I can still remember seeing the first movies on VHS when I was a kid – my very first ever was Superman III. It was a kinder, more innocent time, when the only likelihood of a movie spoiler was the kid with the big mouth on the playground, and running away was a fairly effective option.
But everything took longer to filter down in those days. It could be six months or more before a movie made its way out of cinemas, and three or four years before that movie ended up on TV. But if there was a movie with a big twist, somehow it would make its way at least to the second stage of that process without discussion about it taking place in the wider world.
Then The Sixth Sense came along and the world changed. The buzz about the movie was the spoiler, and it kept going and going at the box office, keeping audiences coming back week after week after week, and if you let the secret out, God help you if someone hadn’t already seen it. Even by the time I bought the DVD (one of my first two DVDs, incidentally), there was still a certain stigma to giving away the secret.
As time has passed, release windows have gotten shorter and shorter. The standard is now down to seventeen weeks from opening day to DVD release, but some movies now get released on DVD and even satellite TV the same day they hit cinemas, so desperate are movie companies for the cash.
With that decreasing window, it’s become more and more important for movie studios to make their money back as quick as possible, to guarantee their return on investment. The average movie now takes at least 40% of its money on the opening three days – if it’s not a big box office draw, see it or it’s gone. With Twilight and Shrek coming out, Tetro got one week in most cinemas in the UK, before being reduced to literally two or three screenings in its second week – and that’s a movie from Francis Ford Coppola, for crying out loud.
The other effect of that decrease has been to decrease the spoiler window in the same proportion. The amount of pre-release discussion about both Inception and Toy Story 3 has been phenomenal; debates raging about the validity of reviews collected on sites such as Rotten Tomatoes and Metacritic and people violently exchanging opinions and discussing the merits of key scenes before the movie has even opened to the general public. On Inception, a movie that did its best to hold the marketing campaign back to the last possible moment and kept almost a complete clampdown on on-set leaks, this is particularly harsh; sadly it seems all that did was attract more attention when the cork was released from the bottle.
As these windows continue to narrow, my fear is that soon, unless you’re a movie critic it will be impossible to see a film without a fairly clear understanding of what’s happening, and that movies will come and go from cinemas in a week, and be available in the foyer on DVD or Blu-ray as you leave, or to download wirelessly from your phone on the journey home.
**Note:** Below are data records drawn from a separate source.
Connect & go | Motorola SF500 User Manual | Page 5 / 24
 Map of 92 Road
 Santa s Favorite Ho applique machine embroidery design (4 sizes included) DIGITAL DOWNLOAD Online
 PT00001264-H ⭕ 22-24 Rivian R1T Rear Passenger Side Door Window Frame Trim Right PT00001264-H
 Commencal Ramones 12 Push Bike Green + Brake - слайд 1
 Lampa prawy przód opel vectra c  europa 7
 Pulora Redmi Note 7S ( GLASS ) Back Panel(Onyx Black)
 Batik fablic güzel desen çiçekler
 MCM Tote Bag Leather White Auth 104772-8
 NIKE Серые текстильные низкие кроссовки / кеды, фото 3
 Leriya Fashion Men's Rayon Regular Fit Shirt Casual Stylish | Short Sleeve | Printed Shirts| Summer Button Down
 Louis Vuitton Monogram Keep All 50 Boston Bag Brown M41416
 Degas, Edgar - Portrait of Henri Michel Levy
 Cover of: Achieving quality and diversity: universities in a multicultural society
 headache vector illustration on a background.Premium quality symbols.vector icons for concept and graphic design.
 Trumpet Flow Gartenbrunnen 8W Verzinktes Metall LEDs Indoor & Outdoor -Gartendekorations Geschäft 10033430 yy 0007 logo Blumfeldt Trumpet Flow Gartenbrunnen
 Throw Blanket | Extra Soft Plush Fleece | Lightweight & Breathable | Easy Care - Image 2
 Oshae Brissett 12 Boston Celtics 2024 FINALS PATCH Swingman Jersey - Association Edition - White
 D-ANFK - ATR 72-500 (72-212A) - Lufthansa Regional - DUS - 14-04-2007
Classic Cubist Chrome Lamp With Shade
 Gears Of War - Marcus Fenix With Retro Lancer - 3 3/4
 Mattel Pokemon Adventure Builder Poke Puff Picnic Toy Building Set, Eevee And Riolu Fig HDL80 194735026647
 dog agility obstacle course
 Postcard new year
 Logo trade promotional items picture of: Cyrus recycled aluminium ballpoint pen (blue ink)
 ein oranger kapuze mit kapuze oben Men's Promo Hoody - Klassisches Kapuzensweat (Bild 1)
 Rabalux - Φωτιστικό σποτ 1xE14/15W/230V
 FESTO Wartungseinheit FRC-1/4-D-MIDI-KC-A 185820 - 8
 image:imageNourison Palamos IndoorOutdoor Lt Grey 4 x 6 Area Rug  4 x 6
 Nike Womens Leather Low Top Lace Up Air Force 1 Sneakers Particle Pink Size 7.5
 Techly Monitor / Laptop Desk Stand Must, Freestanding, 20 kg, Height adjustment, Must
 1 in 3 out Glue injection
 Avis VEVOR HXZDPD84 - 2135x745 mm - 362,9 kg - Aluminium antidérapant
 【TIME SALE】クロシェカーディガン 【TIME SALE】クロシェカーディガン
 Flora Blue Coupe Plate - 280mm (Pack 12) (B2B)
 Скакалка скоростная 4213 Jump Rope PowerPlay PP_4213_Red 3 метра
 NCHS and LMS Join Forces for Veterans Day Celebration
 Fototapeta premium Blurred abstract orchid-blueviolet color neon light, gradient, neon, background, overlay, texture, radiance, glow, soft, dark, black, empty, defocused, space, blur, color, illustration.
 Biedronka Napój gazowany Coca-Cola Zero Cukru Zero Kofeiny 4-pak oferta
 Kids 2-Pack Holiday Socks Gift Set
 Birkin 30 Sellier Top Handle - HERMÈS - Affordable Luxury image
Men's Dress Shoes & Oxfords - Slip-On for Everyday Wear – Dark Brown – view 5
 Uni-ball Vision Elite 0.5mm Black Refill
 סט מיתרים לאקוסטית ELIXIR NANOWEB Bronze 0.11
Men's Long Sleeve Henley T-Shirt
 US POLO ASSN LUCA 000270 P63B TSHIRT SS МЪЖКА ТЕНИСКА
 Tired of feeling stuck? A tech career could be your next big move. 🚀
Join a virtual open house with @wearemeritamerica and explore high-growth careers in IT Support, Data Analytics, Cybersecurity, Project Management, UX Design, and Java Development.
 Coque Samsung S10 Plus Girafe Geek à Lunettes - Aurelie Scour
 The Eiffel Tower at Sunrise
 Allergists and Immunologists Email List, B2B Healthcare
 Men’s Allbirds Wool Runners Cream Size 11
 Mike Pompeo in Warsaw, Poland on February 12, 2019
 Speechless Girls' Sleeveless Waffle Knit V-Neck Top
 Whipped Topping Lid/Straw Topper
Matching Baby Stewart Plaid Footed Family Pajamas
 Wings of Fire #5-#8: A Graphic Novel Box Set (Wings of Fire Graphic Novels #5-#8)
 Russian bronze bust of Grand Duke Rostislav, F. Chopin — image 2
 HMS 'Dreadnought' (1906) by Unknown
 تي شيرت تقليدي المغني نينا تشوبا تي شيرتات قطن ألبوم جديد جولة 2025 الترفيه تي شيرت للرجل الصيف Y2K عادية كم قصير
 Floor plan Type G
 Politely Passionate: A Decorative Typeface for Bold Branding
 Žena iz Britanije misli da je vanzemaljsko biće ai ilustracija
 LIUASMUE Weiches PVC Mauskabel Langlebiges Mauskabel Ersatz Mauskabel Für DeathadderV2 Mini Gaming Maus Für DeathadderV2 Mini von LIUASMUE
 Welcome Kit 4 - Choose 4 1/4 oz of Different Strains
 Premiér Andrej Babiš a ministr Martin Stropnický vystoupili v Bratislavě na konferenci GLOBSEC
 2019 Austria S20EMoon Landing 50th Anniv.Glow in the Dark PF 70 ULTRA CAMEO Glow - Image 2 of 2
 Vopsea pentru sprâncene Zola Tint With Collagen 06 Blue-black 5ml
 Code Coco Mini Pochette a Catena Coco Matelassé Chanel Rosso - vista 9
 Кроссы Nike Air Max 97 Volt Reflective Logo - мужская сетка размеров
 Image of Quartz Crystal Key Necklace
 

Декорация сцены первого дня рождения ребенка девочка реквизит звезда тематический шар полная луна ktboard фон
All this will do is cause the movie world to collapse in on itself until there are no secrets left anymore.
Sadly, cave dwelling is not for me. I’m now likely to go and see Inception in the next few days (a decision motivated partly by the constant spoiler threat, partly by several reviews saying you need to see it at least twice to truly judge it and partly by hearing that the IMAX conversion isn’t actually that good), but I think my main strategy is going to have to be fingers in ears and going “la-la-la” for just over a week. Not good.